▸ **Task instructions**: The range runs from the line containing "woman looking through" to the last line of the entries. Copy that range exactly, omitting pictures.

======== Excerpted records

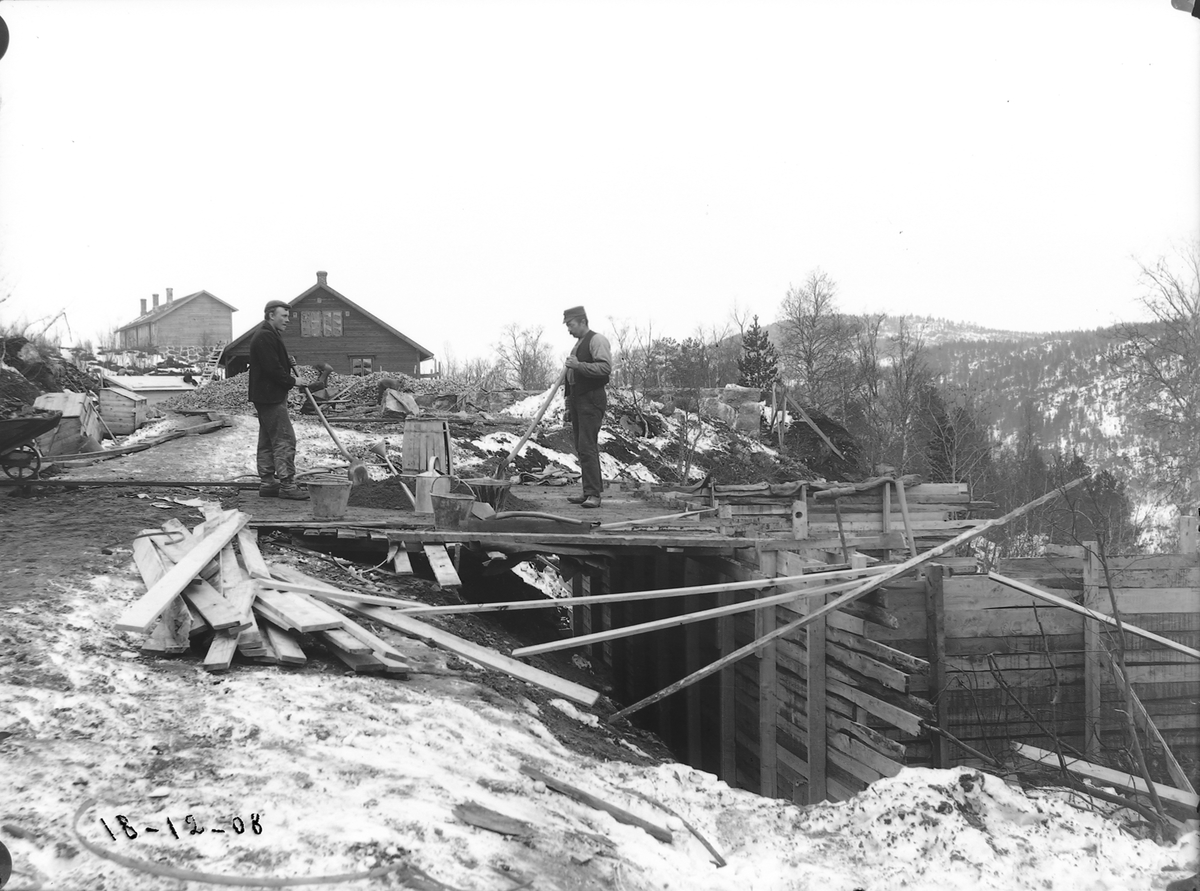 Støping av grunnmurer på formannshus syd for brakke 25. To menn i arbeid.
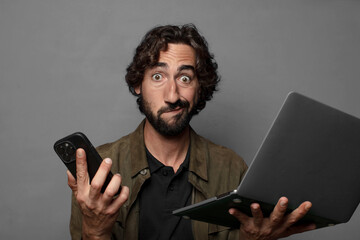 young bearded man using a laptop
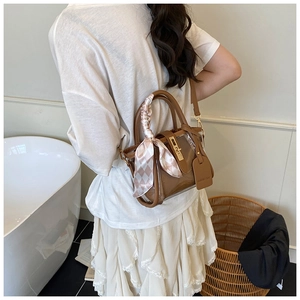 Détail du sac seau en PVC marron avec poignée en foulard et fermoir sur un mannequin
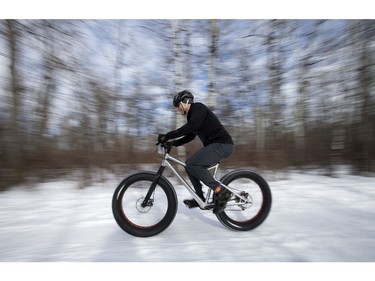 A cyclists makes their way down a Hawrelak Park trail during the FatBike Fest race at the Silver Skate Festival, in Edmonton Sunday Feb. 12, 2017. Photo by David Bloom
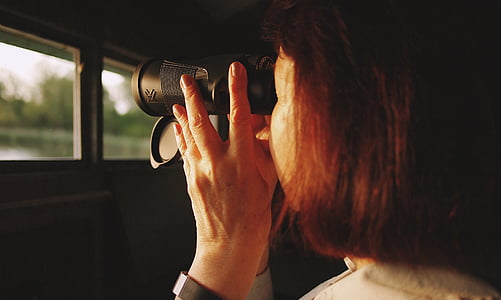 woman looking through binoculars near window thumbnail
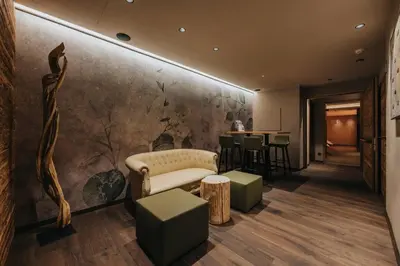 a lobby with a couch and a table at Vitalhotel Dosses in Santa Cristina in Val Gardena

================

▸ **Solution below**:
 woman looking through binoculars near window thumbnail
 a lobby with a couch and a table at Vitalhotel Dosses in Santa Cristina in Val Gardena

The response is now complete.